Applications of weld nuts
 With the introduction of the motorcar and various other steel products manufactured on assembly lines, a fast effective method of drilling and tapping holes was needed. During the early stages the car body parts were of sufficient thickness to allow drilling and tapping. This was time consuming . It did not take long before someone camp up with the idea of drilling the body and welding a nut or bolt on with a gas torch or arc welder. With the discovery of resistance welding and its many applications i.e. Projection/spot welding, it was not long before this was the preferred method of welding nuts and bolts on to steel components.
 The idea behind projection nut or bolt welding is a standard type of nut or bolt can be manufactured with projections on it, located between the electrodes of a resistance welder, and with correct pressure, current and time welded to a metal body part. This reduces time and allows for the design of light i.e. thin metal parts.

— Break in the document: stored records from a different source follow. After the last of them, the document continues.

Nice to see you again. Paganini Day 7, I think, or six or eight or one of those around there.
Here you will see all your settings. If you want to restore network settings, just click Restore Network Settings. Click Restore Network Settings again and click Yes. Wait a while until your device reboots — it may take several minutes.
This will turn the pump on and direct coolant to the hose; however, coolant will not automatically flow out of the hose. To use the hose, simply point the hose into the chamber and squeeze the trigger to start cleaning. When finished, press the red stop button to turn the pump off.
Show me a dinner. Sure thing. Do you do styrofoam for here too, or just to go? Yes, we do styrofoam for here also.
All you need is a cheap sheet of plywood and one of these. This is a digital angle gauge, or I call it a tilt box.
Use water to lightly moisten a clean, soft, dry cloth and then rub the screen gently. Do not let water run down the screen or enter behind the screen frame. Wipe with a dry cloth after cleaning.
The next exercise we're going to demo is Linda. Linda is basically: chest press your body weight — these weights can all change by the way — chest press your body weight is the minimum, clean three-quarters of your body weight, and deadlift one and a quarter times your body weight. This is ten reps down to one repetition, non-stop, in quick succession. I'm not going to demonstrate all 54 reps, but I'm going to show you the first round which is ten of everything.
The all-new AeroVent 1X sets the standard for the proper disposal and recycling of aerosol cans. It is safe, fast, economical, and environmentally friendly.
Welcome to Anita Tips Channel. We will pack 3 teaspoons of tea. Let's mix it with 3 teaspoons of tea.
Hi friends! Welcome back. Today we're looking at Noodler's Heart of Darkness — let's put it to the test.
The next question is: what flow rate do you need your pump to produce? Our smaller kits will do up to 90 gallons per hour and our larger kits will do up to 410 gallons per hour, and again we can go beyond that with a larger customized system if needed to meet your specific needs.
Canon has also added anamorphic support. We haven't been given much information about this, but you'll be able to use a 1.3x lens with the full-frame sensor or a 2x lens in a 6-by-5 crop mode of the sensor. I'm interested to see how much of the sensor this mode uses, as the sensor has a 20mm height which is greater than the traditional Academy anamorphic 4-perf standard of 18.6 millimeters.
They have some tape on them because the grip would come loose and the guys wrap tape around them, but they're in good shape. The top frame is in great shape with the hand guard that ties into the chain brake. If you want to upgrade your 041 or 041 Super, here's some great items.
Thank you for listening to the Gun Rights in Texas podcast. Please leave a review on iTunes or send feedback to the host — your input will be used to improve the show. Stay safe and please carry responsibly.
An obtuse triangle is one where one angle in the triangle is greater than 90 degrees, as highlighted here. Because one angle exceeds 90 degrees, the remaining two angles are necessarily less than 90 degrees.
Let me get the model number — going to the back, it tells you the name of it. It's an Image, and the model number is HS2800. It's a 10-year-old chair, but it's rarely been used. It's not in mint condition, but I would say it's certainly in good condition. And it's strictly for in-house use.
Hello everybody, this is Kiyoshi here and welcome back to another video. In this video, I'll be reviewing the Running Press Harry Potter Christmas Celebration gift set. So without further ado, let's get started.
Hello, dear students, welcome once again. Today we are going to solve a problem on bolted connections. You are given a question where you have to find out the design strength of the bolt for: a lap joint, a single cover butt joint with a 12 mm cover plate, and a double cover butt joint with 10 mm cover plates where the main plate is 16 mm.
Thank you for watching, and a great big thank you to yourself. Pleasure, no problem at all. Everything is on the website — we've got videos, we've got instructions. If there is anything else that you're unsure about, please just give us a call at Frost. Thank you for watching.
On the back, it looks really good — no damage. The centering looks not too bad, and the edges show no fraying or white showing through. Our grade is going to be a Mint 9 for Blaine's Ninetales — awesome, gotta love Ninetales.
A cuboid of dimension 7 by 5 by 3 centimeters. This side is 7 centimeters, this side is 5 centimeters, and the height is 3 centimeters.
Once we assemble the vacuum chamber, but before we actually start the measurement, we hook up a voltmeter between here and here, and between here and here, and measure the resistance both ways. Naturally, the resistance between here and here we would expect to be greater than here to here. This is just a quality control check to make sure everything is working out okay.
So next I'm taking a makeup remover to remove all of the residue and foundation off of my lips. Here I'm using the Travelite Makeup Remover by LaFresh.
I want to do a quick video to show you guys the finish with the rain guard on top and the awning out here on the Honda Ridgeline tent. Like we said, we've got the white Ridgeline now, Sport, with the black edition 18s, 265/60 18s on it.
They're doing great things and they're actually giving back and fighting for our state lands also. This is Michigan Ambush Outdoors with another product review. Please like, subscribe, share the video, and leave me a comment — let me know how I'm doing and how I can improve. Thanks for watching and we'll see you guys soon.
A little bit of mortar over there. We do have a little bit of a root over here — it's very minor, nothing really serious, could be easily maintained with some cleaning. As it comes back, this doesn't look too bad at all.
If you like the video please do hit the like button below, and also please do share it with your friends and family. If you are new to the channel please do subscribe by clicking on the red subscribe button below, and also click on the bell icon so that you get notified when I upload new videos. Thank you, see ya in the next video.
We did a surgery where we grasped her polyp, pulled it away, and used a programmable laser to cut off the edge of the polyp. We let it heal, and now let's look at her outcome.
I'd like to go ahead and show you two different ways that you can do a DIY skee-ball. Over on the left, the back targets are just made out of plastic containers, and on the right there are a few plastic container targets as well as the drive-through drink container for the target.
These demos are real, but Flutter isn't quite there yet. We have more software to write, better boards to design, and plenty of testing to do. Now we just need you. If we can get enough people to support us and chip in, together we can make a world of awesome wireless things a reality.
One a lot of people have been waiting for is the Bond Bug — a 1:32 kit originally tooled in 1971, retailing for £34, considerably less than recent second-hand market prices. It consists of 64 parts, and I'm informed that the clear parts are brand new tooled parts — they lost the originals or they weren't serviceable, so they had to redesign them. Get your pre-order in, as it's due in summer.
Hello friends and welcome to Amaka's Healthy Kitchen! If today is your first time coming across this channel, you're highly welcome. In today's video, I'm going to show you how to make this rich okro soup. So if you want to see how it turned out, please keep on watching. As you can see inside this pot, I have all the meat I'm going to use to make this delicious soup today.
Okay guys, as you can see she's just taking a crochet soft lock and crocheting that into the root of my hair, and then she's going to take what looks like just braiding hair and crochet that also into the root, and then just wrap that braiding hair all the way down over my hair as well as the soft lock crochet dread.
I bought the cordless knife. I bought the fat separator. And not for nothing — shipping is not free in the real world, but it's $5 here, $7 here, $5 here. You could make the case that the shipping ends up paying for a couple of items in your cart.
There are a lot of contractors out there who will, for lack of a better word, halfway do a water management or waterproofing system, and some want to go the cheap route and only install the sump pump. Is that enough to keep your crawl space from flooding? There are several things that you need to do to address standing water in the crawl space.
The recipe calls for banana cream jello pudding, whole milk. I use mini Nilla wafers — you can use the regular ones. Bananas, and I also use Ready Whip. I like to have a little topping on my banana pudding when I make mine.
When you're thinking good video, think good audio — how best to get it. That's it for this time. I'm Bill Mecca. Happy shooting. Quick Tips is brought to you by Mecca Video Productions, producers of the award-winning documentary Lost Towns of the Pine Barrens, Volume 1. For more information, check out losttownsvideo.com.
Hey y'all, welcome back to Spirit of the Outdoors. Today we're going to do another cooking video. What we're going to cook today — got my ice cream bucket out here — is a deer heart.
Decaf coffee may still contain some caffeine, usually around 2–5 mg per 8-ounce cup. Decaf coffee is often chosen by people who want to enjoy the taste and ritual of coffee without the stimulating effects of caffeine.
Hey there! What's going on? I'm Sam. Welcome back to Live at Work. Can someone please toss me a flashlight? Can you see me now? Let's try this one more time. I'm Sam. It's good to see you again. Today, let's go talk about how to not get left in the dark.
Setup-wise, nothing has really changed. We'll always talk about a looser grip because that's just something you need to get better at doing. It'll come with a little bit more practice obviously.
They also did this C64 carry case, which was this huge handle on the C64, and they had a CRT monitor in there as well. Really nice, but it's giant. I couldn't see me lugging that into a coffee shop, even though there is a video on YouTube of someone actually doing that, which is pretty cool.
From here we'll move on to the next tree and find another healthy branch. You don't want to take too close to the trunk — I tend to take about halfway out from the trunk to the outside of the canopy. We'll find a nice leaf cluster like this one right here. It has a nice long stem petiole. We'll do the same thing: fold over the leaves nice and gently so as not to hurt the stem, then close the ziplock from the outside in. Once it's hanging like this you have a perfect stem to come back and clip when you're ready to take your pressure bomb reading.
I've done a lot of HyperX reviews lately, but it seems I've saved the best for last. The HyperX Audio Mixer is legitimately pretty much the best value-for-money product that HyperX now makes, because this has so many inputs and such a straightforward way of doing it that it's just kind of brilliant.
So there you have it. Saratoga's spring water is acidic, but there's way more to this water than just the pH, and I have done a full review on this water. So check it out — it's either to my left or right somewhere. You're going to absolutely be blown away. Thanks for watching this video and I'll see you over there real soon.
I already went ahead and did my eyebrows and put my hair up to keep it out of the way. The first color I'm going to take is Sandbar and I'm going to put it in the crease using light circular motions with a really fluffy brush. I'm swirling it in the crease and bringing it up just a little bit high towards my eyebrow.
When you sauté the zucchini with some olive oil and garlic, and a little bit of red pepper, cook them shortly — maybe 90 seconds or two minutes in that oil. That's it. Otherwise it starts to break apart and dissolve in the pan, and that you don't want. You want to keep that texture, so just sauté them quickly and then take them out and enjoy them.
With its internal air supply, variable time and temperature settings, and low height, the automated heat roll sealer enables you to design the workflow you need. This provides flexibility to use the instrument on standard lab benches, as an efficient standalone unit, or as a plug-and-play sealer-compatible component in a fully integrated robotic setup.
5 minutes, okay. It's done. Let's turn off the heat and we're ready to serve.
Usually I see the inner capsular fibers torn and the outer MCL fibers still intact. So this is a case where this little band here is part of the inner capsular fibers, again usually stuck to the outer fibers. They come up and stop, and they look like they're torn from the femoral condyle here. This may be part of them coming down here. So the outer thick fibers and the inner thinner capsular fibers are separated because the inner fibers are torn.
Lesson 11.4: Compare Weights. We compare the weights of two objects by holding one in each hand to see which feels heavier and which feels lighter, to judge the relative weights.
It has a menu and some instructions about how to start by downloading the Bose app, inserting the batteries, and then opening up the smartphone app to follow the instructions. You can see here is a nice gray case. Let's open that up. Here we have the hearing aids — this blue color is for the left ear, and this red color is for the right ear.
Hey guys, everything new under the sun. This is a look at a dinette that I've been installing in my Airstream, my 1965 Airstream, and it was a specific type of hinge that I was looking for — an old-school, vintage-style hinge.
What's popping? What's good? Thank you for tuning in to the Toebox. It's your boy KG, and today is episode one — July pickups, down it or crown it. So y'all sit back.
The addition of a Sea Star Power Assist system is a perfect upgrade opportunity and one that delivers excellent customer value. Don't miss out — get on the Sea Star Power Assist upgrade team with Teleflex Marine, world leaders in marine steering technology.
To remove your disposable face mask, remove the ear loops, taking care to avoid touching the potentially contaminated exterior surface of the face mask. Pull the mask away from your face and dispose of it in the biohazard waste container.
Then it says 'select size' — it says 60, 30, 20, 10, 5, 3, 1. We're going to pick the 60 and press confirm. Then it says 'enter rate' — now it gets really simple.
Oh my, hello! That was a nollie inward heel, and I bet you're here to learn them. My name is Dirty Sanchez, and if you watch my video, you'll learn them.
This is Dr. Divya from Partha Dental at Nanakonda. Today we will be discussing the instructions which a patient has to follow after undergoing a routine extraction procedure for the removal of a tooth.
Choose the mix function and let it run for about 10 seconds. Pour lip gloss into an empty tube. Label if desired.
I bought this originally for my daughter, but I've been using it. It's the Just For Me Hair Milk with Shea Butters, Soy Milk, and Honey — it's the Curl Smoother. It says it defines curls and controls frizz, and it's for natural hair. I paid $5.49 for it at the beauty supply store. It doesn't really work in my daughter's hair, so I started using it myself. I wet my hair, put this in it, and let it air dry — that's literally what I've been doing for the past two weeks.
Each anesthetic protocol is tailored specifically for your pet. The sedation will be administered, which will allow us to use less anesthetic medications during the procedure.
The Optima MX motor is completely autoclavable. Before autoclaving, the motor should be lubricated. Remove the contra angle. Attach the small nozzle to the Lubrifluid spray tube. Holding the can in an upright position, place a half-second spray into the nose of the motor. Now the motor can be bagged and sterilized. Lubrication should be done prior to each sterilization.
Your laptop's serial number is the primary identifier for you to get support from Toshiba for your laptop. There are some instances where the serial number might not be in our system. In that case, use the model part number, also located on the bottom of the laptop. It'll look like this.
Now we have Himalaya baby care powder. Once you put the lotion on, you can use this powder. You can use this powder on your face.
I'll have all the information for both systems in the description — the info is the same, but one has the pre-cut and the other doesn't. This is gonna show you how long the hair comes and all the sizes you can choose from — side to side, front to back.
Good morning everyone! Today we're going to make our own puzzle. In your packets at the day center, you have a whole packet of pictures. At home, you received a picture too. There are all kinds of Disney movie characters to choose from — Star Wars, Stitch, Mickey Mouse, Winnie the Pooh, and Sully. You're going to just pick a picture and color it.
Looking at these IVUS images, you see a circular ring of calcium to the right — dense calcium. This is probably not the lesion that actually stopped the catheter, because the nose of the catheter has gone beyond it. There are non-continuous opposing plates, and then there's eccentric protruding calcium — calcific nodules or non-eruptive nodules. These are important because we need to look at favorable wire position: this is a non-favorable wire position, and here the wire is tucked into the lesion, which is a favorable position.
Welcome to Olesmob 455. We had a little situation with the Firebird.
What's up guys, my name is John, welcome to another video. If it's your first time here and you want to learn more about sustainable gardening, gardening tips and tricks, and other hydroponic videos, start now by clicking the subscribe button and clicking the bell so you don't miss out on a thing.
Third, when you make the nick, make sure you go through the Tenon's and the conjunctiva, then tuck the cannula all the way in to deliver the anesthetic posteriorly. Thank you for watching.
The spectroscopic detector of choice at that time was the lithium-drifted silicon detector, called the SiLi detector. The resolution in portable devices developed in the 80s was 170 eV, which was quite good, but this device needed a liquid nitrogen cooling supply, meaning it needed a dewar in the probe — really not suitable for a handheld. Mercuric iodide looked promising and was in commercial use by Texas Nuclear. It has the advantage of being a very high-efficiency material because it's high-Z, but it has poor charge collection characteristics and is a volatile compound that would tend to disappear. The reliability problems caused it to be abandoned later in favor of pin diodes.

Problems arising from Nut Welding.
There are basically three types of projection weld nuts.

  • The hexagon nut
  • The square nut
  • The extruded nut
  • The hexagon nut - is similar in shape to a standard nut. It is a six sided nut with three projections and a locater ring. The nut is in common use throughout the motor industry. It is used in all sizes from 4mm to 16mm.
  • The square nut - is a four sided nut with four projections i.e. one in each corner. This nut has no location ring and uses a special nut welding electrode which helps centre the nut to the body part. These nuts are very common in Europe and America.
  • The extruded or pressed nut - is only for projection welding. It is manufactured out of pressed sheet metal. The square nut and hex nuts can be used as standard but the extruded nut cannot. The nut is used for safety belt anchorage and in other critical areas but is not used as commonly as the other two nut types.

When projection nut welding , each type of three nuts gives rise to its own specific type of problem. Many of the plants we visit are resistance welding their nuts and then reassurance welding. This is a time consuming and costly if you take into consideration the factors of gas, labour and non-standard operation costs.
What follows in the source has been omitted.